Business Blueprint

Security checks across malware telemetry and agentic risk

Overview

The skill is mostly a local business-blueprint and diagram generator, but it has under-disclosed local persistence of invocation details and mismatched sensitive capability metadata that deserve review before installation.

Install only in environments where the unexplained sensitive capability tags do not grant extra authority. Use dedicated workspace folders, avoid passing secrets or full confidential notes in CLI arguments, and review generated JSON/HTML/export folders, patch logs, and generation-prompt files before sharing or committing them.

SkillSpector

By NVIDIA
Vulnerability Patterns
  • Data ExfiltrationExternal Transmission, Env Variable Harvesting, File System Enumeration
  • Trigger AbuseOverly Broad Trigger, Shadow Command Trigger, Keyword Baiting Trigger
  • MCP Least PrivilegeUnderdeclared Capability, Wildcard Permission, Missing Permission Declaration
  • MCP Tool PoisoningHidden Instructions, Unicode Deception, Parameter Description Injection
  • Prompt InjectionInstruction Override, Hidden Instructions, Exfiltration Commands
Findings (7)

Lp3

Medium
Category
MCP Least Privilege
Confidence
93% confidence
Finding
The skill instructs the agent to read repository files, write artifacts into the workspace, and execute Python scripts via subprocess/CLI, which are sensitive capabilities. Because these capabilities are not explicitly declared or constrained by a permissions model, an agent or reviewer may underestimate the skill's access and execution surface, increasing the risk of unintended file access, command execution, or dependency-triggered network activity.

Description-Behavior Mismatch

Medium
Confidence
94% confidence
Finding
The exporter mutates the caller-supplied blueprint in place by assigning `system["layer"]` during export routing. This side effect can leak across later processing steps, change downstream authorization or rendering decisions, and create hard-to-detect integrity bugs when the same blueprint object is reused elsewhere.

Intent-Code Divergence

Medium
Confidence
97% confidence
Finding
This script claims a statistically significant A/B experiment, but later uses estimated baseline values and a fabricated p-value rule instead of an actual statistical test. In a business-blueprint skill, this can mislead stakeholders into trusting unsupported performance claims, causing poor deployment or procurement decisions based on falsified evidence.

Intent-Code Divergence

Low
Confidence
89% confidence
Finding
The code describes user satisfaction as if measured behavior, but actually derives it from a heuristic multiplier over accuracy and confidence. That creates a misleading metric that may be presented as empirical user evidence when it is only a proxy, reducing the integrity of evaluation outputs.

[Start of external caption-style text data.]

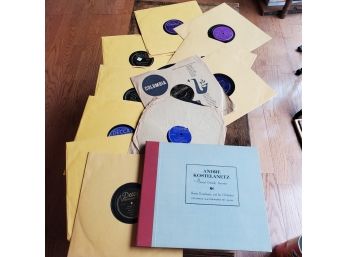 Lot Of 15  78 Rpm Records - Assorted Bing Crosby, Melson Eddy, Hoagy Carmichael, Ink Spots, Benny Goodman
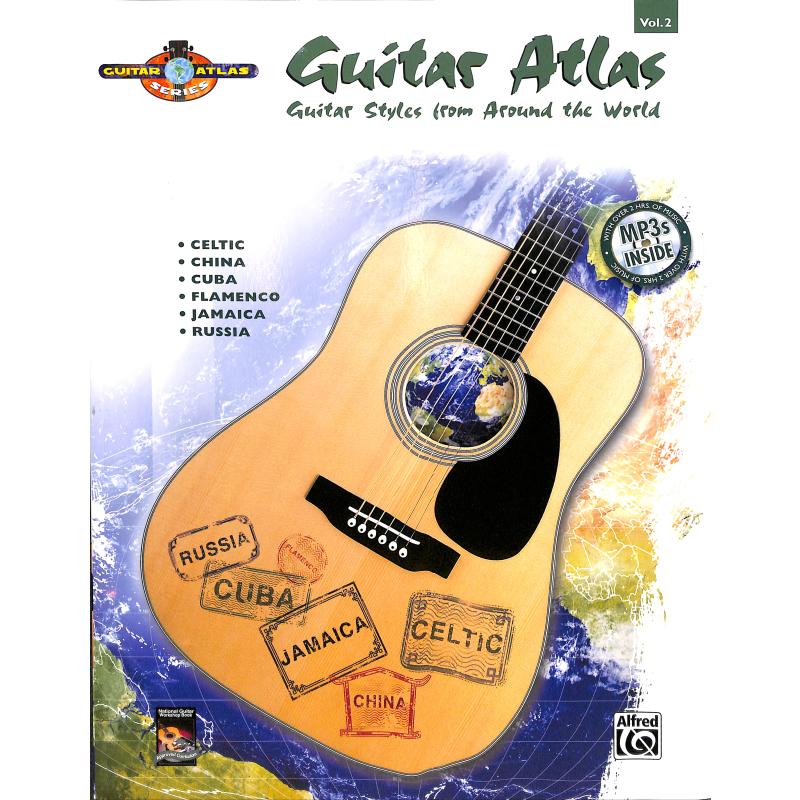 Titelbild für ALF 33556 - GUITAR ATLAS 2 - GUITAR STYLES FROM AROUND THE WORLD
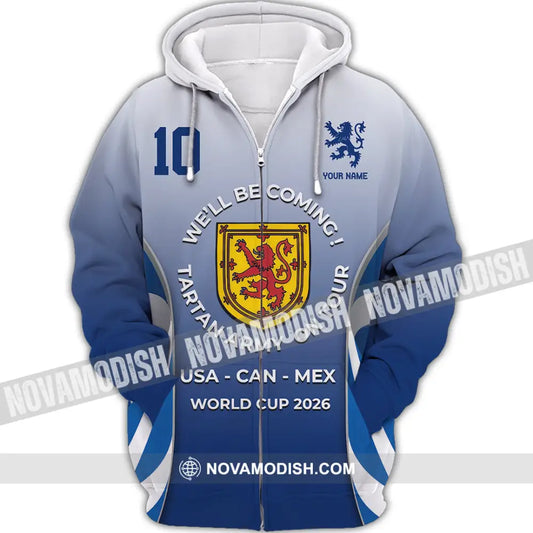 Unisex Shirt - Custom USA CAN MEX World Cup 2026 3D Shirt Zipper Hoodie / S T-shirt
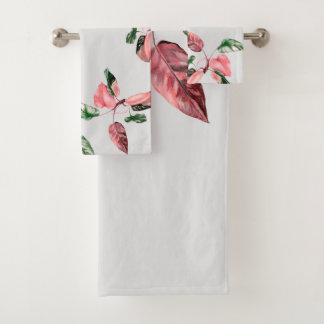 FOLHAGEM ROSA E VERDE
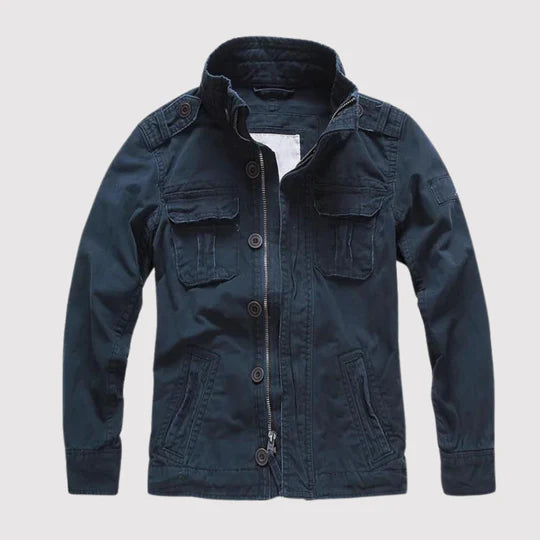 Herren Feldjacke mit Stehkragen und Taschen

Natural-Language Policy Violations

Medium
Confidence
93% confidence
Finding
The document mandates Chinese output ('本文件定义...' and repeated strict directives) for architecture diagram generation without indicating that language should follow user preference. In a presales/business-blueprint skill, forcing a language can cause unauthorized language switching, reduce usability, and create downstream integrity issues when user-facing deliverables must match stakeholder language or locale requirements.

Vague Triggers

Medium
Confidence
87% confidence
Finding
The document defines broad trigger cues for architecture generation such as generic keywords like 'architecture diagram', '架构图', and '--export' without clear scoping, exclusions, or confirmation requirements. In an agent skill, ambiguous triggers can cause the skill to activate in unintended contexts, pulling in additional references and changing workflow behavior, which increases the risk of prompt-surface expansion, incorrect file generation, or unauthorized handling of user content.

Missing User Warnings

Medium
Confidence
96% confidence
Finding
The code persists a full copy of `sys.argv` into a timestamped markdown file in the export directory. CLI arguments commonly contain secrets such as API keys, access tokens, internal file paths, customer identifiers, or database connection strings, so this creates a durable local disclosure channel beyond normal process visibility. In this skill context, exported artifacts are intended for sharing and traceability, which makes accidental redistribution of sensitive CLI data more likely.

VirusTotal

64/64 vendors flagged this skill as clean.